Sayın Adnan Oktar'ın 2 Aralık 2011 tarihli röportajından Tevbe Suresi ile ilgili açıklamalar.
ADNAN OKTAR: “Allah'a iman edin, O'nun elçisi ile cihad etmeye çıkın,” İslam’a hizmet edin, tebliğe çıkın, “diye bir sure indirildiği zaman onlardan servet sahibi olanlar,” imkan sahibi olanlar, “senden izin isteyip: “Bizi bırak, oturanlarla birlikte oturalım” dediler.” “Biz uzaklaşalım, ayrı olalım. Müslümanlarla birlikte olmayalım” diye izin istiyorlar. “Geri kalanlarla birlikte olmayı seçtiler.” Müslümanlarla birlikte olmayan diğer bölümle, diğer parçalarıyla, diğer ekipleriyle, diğer kardeşleriyle birlikte olmayı seçtiler. “Onların kalpleri mühürlenmiştir. Bundan dolayı kavrayıp-anlamazlar” diyor Allah Tevbe Suresi, 86-87’de. “Bunlar geride kalanlarla birlikte olmayı seçerler” diyor Allah. Tevbe Suresi, 93.
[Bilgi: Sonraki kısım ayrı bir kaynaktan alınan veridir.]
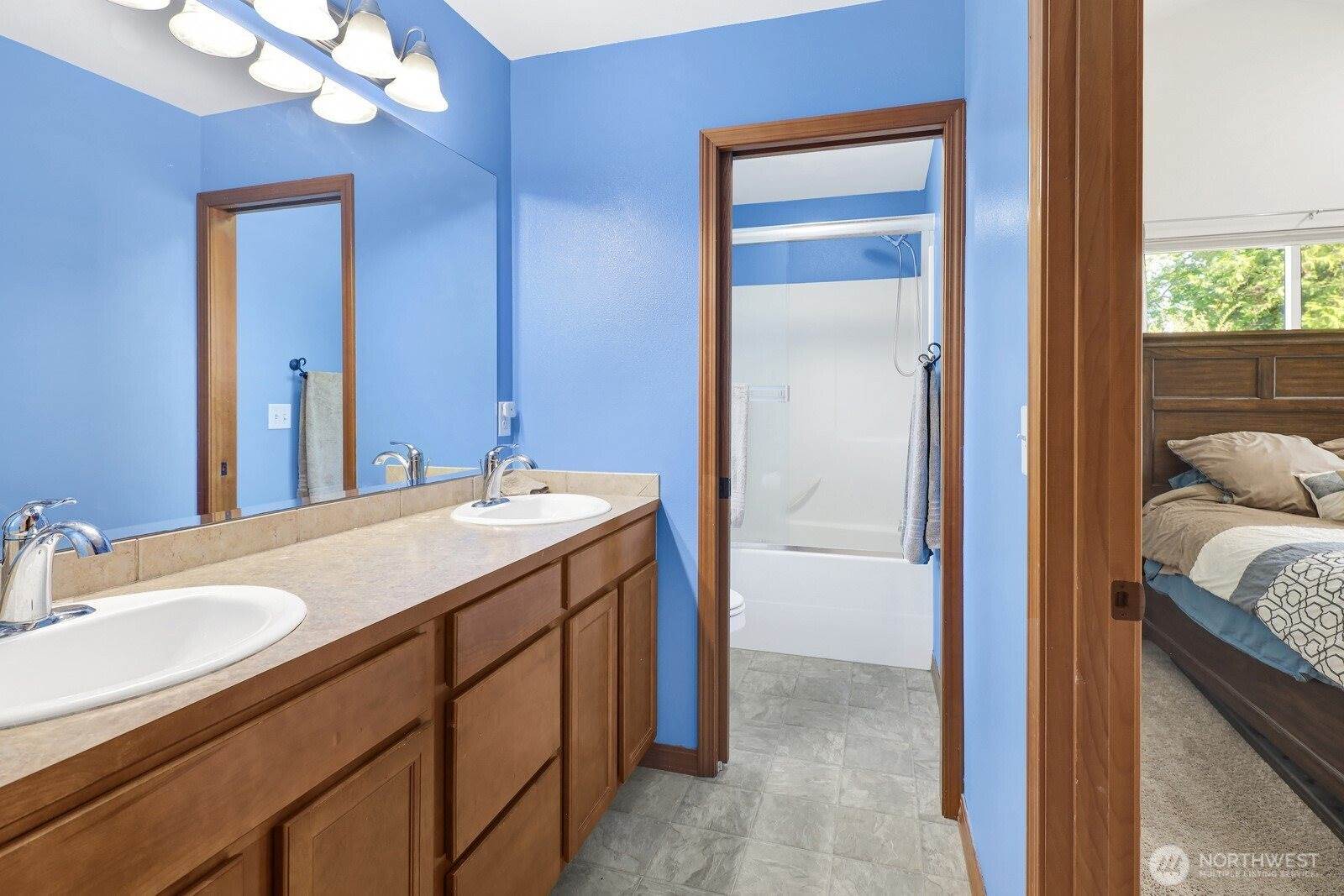 2556 Sievers Way, Ferndale, WA 98248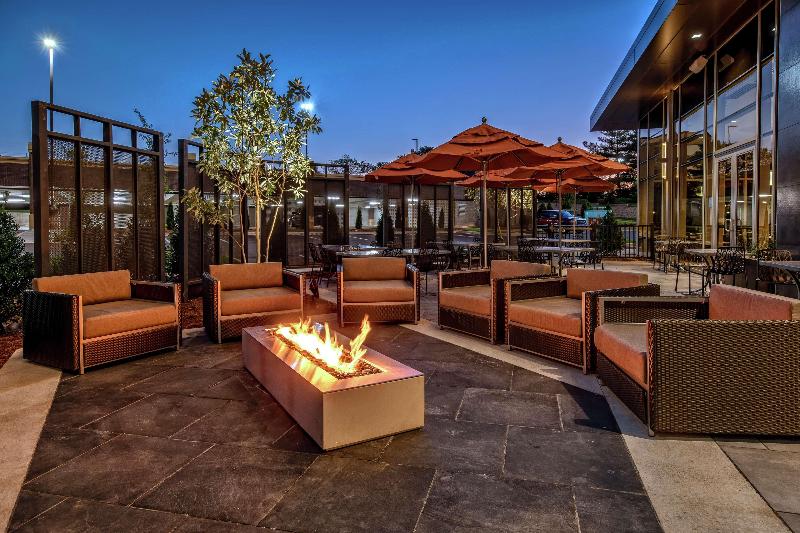 Отель Hilton Franklin Cool Springs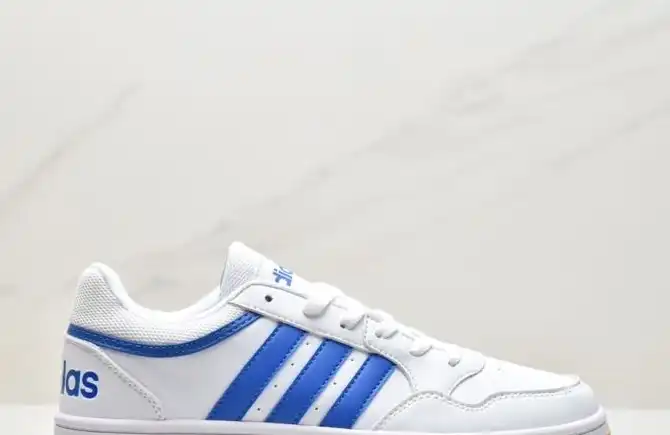 hype Adidas Sneakers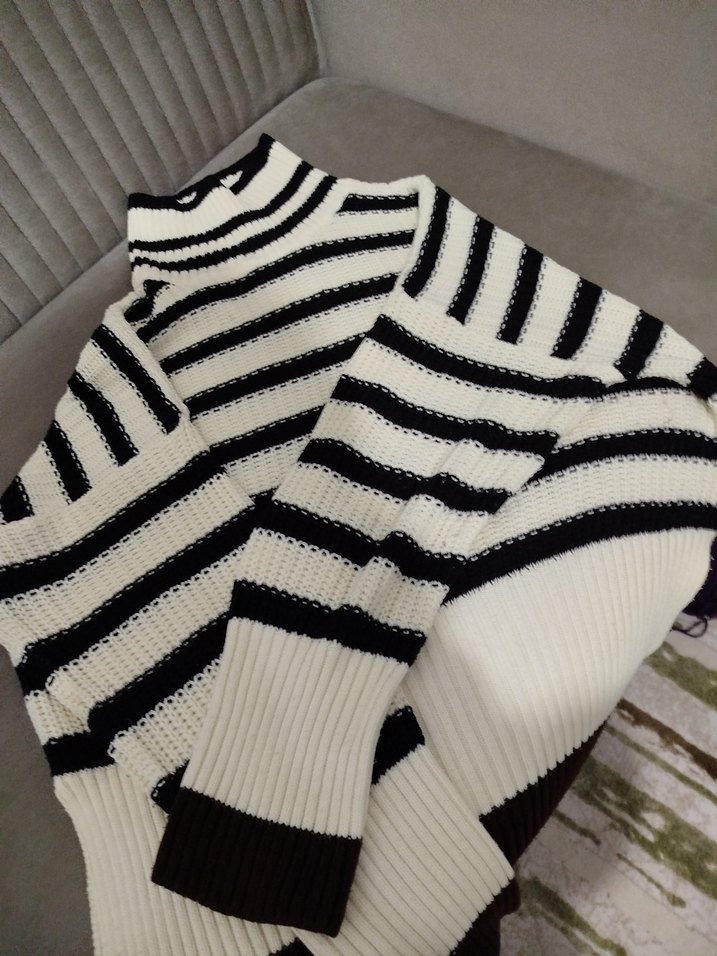 Kadın Beyaz Siyah Çizgili Boğazlı Triko Kazak - Görsel 4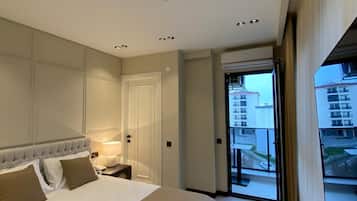 Standard Double Room, Garden View | Minibar, in-room safe, blackout drapes, soundproofing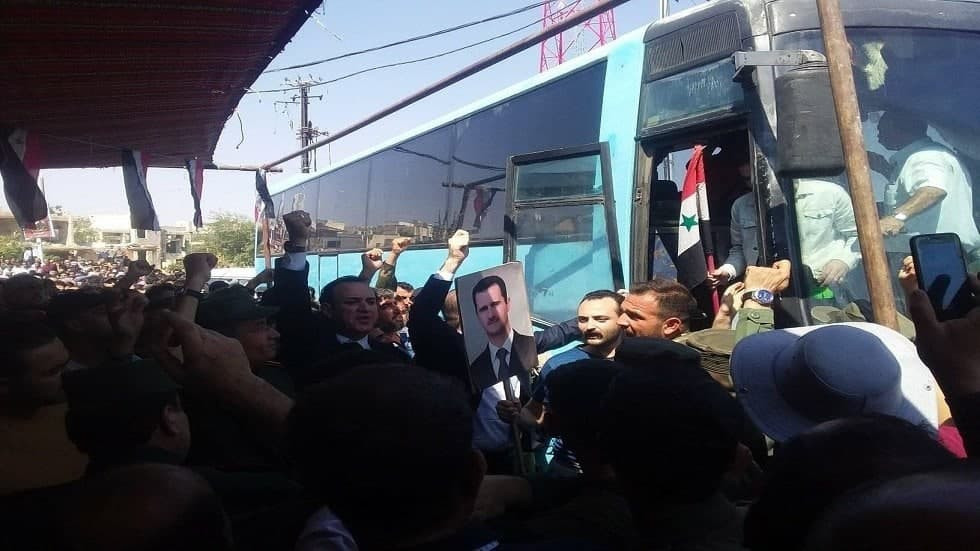 أوهمهم بالعفو وأجبر الأهالي عل...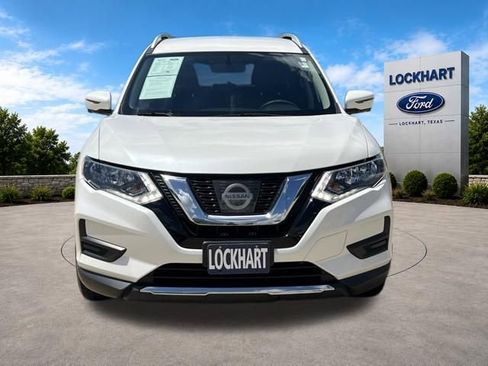 Used 2017 Nissan Rogue SV w/ SV Premium Package FWD image 2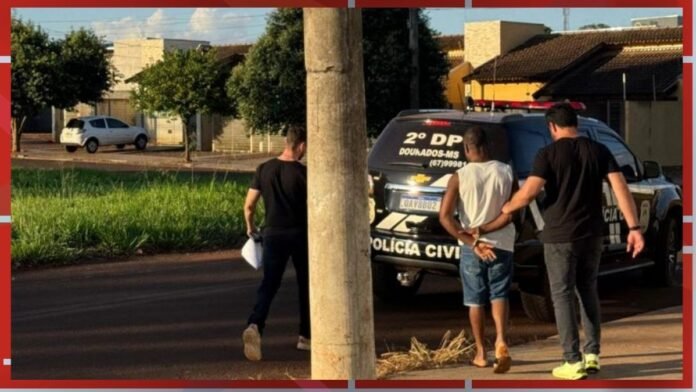 Three men near a Polícia Civil SUV; one appears detained with hands behind the back on a residential street at dusk/dawn.
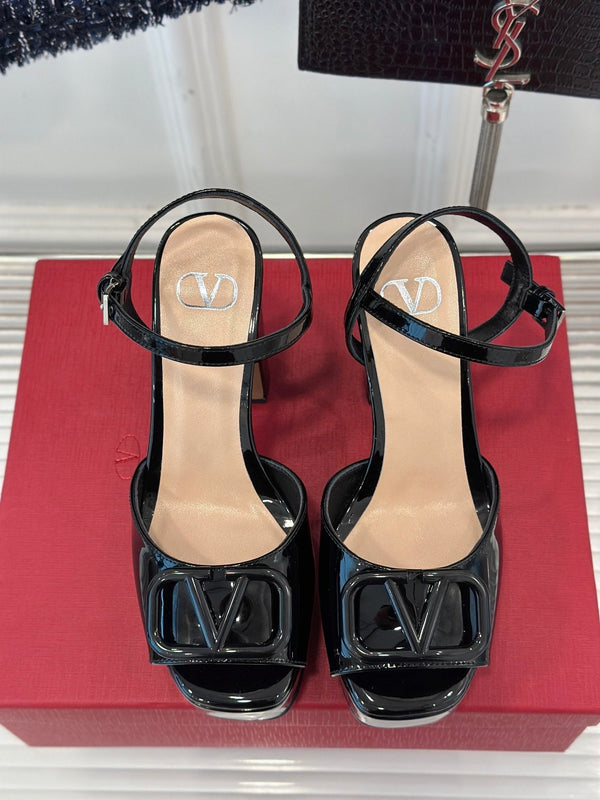 Sandal With Vlogo Signature Platform In Black Glossy Calfskin 110mm 989460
“Ey iman edenler, ne oldu ki size, Allah yolunda mücadele edin, hazırlık yapın denildiği zaman, yer(iniz)de ağırlaşıp kaldınız?” diyor Cenab-ı Allah.
Sayın Adnan Oktar'ın 23 Ocak 2016 tarihli sohbetinden münafıklarla ilgili açıklamalar.
ADNAN OKTAR: Nisa Suresi, 72 “Şüphesiz içinizden ağır davrananlar vardır. Şayet size bir musibet isabet edecek olsa doğrusu “Allah bana nimet verdi” diyor. “Çünkü onlarla birlikte olmadım” der.” Uzak duruyor ya Müslümanlardan onu “akıllı tedbir olarak görür” diyor. Buradan da anlıyoruz ki münafık çok ağır davranıyor. Yani atak değildir Müslümanların hiçbir işini yapmak istemez. İslam’a Kuran’a hizmet etmek istemez ağırdan anlaşılan budur. Çok flu çok hafif İslam’a faydası oluyor gibi yapar. Çünkü İslam’a zaten düşman olduğu için İslam’a hizmet etmek istemez. O küfür kimse o devirde, kim güçlüyse ona hizmet etmek ister. Mesela şu an İngiliz derin devleti bu devrin Firavun zihniyeti olmuş oluyor. Ona hizmet eder ama Nemrut devrinde olsa o Nemrut’a hizmet eder. Münafığın vasfı budur ve içinde bir uhdedir o yani mutlaka yapılması gereken bir şey olarak düşünür. Ve akılcı bir hareket olarak görür. Çünkü elde tutulur bir şey olarak görür. Din de tabii ahirette olacağı söyleniyor bu ahirete inanmadığı için. Elde tutulur bir şey olarak gördüğü için küfre göre hareket eder.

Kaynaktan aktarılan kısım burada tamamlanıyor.